As she accomplished in her award-winning and bestselling The Suspicions of Mr. Whicher, Kate Summerscale brilliantly recreates the Victorian world, chronicling in exquisite and compelling detail the life of Isabella Robinson, wherein the longings of a frustrated wife collided with a society clinging to rigid ideas about sanity, the boundaries of privacy, the institution of marriage, and female sexuality.
My Thoughts:
If you’ve read The Suspicions of Mr. Whicher you already know that Kate Summerscale can write fascinating nonfiction. Mrs. Robinson’s Disgrace is certainly no exception.

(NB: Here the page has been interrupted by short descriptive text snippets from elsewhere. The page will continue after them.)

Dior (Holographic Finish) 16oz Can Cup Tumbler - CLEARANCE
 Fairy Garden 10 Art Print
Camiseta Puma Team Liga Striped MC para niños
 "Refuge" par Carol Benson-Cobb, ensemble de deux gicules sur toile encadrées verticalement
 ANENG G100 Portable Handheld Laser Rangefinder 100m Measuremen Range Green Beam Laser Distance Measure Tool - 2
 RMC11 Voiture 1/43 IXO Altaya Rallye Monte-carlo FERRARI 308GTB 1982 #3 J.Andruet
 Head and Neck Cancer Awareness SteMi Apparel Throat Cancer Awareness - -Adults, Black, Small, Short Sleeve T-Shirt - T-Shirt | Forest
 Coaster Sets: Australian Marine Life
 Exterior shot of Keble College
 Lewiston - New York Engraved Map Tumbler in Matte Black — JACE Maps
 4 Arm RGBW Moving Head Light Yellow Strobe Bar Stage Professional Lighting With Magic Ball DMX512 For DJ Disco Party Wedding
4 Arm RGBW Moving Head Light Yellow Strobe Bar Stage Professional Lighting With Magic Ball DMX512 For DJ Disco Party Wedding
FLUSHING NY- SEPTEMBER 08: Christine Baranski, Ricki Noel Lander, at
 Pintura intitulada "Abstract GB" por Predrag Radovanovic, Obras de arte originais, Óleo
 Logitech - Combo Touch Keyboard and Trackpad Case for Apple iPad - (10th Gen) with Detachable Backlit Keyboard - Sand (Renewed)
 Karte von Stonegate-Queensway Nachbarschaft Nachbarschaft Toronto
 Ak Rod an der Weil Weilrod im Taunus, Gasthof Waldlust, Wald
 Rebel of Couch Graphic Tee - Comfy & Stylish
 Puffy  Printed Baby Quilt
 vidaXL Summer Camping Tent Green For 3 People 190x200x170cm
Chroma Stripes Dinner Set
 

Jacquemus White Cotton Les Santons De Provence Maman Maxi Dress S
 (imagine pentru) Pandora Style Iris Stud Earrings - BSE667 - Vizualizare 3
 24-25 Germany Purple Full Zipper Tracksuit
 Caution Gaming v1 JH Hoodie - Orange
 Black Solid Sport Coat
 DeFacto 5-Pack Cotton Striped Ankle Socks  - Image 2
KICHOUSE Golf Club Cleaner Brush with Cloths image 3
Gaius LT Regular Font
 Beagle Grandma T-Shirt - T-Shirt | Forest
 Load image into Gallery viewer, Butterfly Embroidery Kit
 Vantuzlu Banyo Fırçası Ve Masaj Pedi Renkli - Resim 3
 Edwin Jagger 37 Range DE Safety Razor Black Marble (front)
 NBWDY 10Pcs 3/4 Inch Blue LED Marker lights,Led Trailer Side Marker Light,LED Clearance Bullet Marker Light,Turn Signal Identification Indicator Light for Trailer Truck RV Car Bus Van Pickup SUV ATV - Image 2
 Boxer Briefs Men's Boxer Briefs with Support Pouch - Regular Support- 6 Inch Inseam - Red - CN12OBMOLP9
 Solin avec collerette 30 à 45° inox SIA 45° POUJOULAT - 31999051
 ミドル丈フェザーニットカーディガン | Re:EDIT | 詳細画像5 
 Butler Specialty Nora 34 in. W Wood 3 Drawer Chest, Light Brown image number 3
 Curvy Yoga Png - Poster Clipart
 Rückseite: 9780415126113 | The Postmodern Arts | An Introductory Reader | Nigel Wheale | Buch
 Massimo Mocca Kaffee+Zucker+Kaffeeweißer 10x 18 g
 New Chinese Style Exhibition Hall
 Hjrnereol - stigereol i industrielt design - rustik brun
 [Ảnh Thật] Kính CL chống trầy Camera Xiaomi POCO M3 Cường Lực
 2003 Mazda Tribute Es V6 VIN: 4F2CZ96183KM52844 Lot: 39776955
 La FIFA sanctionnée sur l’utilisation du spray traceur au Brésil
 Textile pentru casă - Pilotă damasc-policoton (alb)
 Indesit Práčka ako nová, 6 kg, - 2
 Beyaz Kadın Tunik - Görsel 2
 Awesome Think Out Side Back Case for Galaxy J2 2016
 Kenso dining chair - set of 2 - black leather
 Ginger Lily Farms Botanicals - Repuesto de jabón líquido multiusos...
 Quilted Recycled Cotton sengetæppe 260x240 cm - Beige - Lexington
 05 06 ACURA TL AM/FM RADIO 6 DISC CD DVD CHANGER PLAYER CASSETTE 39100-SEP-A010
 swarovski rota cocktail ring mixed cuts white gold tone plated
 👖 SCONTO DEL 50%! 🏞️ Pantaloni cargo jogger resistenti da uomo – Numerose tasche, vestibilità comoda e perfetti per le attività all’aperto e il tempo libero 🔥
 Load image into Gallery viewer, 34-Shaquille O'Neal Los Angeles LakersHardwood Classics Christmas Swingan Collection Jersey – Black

One thought that I kept having while reading this was how very glad I am to be a woman now, rather than in the 1800s. Mrs. Isabella Robinson was put on trial for adultery after her husband read her diary. Did it matter that Mr. Robinson himself was a known adulterer? No.
Men were excused to behave in certain ways and women were expected to take it. Women were expected to be chaste, even within their own marriages. If a woman enjoyed sex…sought out sex? Hooo boy. She must have a disease of the uterus! She must be insane! Hysterical!
Kate Summerscale uses the trial of Mrs. Robinson to explore the framework of Victorian life and she does it wonderfully. I hope you’ll read this book and let me know what you think of it. Have you already read it? Share your thoughts below!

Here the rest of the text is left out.